§ **Provided entries**
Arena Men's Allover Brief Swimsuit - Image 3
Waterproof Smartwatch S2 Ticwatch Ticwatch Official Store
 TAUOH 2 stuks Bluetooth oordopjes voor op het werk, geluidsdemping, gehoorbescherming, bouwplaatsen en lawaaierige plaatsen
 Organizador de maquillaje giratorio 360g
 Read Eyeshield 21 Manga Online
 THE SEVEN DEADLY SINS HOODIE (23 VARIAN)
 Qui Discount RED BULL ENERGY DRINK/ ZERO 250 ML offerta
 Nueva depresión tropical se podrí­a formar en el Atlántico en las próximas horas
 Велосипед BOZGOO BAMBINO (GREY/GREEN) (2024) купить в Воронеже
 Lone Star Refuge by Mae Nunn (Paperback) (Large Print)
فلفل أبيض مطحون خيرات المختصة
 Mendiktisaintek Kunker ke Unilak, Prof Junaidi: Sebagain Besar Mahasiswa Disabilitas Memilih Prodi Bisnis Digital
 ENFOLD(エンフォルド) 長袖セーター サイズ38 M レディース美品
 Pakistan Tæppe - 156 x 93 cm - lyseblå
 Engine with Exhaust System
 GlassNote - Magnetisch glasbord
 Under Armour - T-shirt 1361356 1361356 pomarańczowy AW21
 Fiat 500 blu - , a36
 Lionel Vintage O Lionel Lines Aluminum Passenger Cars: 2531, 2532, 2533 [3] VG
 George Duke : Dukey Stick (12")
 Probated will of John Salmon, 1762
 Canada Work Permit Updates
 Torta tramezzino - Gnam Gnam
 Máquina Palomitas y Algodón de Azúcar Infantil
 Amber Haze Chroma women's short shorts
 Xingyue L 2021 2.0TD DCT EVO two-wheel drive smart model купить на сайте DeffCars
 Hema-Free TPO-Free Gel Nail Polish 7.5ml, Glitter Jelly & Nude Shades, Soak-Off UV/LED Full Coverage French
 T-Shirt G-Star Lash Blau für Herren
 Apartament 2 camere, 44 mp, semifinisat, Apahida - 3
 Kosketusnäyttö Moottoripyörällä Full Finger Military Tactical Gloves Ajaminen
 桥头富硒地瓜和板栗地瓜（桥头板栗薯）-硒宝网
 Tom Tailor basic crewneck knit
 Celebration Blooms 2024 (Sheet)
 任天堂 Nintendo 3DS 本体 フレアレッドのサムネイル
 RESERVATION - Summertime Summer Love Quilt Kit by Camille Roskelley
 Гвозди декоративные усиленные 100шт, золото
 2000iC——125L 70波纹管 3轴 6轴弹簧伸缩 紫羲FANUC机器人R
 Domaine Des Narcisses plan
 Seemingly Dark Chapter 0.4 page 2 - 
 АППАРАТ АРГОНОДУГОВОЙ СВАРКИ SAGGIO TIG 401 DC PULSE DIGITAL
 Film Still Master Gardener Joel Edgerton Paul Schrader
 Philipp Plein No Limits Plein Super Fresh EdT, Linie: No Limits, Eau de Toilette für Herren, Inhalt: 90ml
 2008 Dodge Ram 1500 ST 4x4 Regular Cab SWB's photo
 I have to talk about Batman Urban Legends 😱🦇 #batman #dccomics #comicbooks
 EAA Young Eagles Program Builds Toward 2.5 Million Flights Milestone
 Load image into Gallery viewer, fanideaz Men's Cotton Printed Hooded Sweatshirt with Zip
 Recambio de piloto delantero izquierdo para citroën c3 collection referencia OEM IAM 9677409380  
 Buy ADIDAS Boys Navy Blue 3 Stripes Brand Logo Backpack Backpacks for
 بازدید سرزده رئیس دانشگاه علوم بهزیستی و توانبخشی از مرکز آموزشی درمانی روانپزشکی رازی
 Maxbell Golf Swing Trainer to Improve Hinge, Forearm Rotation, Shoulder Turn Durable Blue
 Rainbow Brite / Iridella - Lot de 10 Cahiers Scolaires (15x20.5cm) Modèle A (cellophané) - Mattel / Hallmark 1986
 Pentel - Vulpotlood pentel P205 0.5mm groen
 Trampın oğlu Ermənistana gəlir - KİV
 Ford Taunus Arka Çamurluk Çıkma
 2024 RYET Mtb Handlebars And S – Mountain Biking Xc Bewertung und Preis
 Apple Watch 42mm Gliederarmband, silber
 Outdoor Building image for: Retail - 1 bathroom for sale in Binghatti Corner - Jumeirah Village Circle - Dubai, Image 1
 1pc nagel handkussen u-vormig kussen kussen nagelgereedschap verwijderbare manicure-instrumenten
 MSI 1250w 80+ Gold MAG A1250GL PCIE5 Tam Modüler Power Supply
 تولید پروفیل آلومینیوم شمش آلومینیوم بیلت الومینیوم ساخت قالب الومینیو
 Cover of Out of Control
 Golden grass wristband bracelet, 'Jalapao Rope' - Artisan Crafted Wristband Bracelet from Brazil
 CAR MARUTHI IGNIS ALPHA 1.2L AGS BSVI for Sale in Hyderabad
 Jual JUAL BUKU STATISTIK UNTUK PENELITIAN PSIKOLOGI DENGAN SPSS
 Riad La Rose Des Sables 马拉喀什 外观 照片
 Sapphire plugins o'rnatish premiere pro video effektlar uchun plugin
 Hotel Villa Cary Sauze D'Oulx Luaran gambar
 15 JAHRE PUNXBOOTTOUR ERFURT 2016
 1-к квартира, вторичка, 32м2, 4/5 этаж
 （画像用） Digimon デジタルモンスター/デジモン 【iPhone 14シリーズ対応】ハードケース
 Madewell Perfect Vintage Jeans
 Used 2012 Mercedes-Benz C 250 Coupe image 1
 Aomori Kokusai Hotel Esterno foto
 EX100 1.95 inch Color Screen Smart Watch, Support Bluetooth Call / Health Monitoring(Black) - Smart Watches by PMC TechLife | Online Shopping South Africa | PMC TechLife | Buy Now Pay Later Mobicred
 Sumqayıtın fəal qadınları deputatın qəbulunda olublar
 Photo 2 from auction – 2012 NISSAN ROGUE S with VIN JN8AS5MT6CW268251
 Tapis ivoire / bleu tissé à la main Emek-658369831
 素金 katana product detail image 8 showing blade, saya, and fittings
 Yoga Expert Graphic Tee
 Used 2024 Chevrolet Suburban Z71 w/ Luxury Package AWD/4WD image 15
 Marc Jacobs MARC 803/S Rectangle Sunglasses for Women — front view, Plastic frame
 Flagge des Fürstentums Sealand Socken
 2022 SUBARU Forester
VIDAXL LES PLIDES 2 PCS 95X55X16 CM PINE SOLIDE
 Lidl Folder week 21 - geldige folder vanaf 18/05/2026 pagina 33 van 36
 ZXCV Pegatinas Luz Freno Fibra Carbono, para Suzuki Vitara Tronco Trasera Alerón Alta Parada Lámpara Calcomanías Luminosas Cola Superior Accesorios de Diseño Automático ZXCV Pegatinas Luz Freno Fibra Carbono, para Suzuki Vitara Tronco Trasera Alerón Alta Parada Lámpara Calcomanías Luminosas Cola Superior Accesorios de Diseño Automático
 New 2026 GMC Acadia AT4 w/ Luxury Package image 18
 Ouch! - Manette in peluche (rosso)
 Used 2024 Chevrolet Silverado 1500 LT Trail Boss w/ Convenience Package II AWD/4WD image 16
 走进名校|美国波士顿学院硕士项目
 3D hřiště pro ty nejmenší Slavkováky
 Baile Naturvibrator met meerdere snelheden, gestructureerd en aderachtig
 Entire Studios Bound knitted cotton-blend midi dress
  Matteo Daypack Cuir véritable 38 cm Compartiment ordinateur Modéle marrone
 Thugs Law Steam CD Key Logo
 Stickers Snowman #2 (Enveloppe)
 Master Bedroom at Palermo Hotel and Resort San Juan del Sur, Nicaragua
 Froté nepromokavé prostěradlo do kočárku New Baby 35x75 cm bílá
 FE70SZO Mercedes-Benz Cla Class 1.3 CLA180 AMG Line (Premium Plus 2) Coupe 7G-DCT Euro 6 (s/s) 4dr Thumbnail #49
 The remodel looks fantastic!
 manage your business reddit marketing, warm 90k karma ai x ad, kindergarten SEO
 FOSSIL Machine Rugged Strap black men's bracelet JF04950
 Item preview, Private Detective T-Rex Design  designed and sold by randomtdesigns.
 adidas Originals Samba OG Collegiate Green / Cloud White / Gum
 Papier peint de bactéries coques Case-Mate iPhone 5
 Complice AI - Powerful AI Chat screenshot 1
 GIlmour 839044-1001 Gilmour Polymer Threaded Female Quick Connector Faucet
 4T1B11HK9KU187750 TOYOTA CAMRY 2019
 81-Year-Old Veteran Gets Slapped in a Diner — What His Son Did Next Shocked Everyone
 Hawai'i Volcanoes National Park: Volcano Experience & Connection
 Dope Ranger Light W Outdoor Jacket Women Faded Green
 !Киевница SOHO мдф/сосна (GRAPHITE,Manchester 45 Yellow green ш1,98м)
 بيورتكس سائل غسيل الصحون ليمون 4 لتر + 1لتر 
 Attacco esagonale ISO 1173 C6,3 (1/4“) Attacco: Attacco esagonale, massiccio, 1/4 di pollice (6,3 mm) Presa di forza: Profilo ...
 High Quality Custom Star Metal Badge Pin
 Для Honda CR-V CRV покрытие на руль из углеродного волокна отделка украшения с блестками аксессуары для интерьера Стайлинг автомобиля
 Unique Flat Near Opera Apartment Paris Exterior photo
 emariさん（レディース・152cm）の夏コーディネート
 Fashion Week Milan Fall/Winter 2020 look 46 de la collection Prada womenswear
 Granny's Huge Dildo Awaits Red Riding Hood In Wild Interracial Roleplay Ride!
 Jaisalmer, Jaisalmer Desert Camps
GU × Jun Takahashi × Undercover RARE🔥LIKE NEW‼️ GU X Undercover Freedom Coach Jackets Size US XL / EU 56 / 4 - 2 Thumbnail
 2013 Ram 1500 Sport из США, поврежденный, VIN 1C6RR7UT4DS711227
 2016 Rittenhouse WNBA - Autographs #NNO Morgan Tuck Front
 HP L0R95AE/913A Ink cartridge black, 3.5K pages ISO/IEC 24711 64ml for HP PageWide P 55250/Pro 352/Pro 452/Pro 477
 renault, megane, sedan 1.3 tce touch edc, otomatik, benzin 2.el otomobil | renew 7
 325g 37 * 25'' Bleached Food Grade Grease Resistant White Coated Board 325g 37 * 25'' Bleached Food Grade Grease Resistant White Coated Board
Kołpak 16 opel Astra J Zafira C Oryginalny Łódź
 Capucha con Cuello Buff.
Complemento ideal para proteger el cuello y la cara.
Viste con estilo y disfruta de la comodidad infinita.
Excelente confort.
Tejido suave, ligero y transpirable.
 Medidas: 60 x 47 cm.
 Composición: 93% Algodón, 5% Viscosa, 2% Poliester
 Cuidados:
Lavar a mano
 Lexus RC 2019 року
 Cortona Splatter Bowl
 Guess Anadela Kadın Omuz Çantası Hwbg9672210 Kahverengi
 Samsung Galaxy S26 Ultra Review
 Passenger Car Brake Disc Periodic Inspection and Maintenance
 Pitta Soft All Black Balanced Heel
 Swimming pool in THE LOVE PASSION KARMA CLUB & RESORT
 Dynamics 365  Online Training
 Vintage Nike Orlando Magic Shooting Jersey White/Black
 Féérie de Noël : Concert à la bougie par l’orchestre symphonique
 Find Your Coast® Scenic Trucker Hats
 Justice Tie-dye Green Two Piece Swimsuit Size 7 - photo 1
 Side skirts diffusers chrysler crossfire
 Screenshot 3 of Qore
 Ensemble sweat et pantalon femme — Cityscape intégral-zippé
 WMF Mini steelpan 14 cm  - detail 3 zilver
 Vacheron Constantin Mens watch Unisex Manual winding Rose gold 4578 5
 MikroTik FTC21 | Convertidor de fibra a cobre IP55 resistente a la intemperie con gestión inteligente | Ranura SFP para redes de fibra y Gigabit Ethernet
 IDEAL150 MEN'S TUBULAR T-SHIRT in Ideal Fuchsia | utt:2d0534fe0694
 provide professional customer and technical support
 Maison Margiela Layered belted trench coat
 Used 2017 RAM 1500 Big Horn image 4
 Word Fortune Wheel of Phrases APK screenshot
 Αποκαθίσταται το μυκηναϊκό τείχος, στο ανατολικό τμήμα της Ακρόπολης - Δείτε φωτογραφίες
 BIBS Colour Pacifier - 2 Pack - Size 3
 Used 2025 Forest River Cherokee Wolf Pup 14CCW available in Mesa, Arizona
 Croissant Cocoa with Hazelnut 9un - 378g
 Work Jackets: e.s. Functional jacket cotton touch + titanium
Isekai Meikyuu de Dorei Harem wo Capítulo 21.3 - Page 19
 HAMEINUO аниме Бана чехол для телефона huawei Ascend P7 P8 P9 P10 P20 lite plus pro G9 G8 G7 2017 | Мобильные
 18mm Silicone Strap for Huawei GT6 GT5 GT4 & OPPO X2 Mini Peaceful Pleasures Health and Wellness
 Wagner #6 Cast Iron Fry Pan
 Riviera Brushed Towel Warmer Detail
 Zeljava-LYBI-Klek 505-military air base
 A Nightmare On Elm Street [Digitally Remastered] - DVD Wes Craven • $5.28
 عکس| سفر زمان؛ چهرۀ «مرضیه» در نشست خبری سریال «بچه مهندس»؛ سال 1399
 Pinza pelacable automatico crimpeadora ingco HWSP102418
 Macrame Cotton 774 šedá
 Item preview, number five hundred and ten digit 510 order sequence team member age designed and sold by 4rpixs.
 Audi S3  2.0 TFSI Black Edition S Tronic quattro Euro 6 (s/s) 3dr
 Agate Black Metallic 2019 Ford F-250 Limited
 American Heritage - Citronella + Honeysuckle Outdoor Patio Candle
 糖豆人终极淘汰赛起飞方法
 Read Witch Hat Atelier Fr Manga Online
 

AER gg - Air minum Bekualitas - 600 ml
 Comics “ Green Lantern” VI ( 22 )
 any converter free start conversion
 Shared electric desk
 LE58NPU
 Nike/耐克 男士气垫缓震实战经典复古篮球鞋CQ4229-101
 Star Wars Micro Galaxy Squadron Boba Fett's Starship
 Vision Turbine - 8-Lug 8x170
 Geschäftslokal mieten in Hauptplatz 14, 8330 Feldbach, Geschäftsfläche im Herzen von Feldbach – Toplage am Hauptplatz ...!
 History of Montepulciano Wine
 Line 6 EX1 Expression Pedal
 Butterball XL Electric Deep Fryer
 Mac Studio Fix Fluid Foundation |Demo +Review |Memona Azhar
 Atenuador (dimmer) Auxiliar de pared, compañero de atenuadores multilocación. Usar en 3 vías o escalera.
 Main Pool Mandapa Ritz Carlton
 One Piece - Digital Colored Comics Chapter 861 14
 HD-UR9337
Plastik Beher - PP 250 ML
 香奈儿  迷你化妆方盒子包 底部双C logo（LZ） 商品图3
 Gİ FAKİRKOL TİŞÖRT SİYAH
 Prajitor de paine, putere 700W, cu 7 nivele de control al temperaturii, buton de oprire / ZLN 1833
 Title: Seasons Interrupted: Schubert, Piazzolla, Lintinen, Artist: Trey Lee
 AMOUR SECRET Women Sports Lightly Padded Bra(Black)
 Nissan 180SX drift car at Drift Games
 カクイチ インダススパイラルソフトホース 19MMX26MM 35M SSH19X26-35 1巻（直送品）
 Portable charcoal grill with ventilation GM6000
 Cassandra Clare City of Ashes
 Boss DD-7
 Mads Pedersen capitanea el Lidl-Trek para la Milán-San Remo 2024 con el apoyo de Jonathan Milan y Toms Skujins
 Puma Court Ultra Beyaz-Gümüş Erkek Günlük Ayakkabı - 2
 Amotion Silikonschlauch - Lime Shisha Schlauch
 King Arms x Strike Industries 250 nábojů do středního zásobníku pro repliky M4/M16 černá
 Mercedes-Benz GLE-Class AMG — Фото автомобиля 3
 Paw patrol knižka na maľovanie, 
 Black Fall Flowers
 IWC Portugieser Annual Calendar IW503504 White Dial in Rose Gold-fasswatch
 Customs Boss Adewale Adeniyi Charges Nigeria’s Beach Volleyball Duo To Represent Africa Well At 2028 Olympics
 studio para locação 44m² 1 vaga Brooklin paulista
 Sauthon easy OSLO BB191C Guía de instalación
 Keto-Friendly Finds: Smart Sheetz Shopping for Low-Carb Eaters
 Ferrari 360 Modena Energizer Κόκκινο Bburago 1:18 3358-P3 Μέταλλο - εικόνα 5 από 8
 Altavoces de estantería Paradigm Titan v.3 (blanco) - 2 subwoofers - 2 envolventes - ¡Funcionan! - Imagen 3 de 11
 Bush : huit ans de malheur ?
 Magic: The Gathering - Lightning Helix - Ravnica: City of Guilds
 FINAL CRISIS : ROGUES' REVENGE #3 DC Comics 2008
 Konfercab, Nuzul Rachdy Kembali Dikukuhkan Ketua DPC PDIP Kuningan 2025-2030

§ **Activity**
Retype the portion of the data above that starts on the line with "Hawai'i Volcanoes National" and finishes on the line with "High Quality Custom Star Metal Badge Pin", including both of those lines.

§ **Solution for this problem**
 Hawai'i Volcanoes National Park: Volcano Experience & Connection
 Dope Ranger Light W Outdoor Jacket Women Faded Green
 !Киевница SOHO мдф/сосна (GRAPHITE,Manchester 45 Yellow green ш1,98м)
 بيورتكس سائل غسيل الصحون ليمون 4 لتر + 1لتر 
 Attacco esagonale ISO 1173 C6,3 (1/4“) Attacco: Attacco esagonale, massiccio, 1/4 di pollice (6,3 mm) Presa di forza: Profilo ...
 High Quality Custom Star Metal Badge Pin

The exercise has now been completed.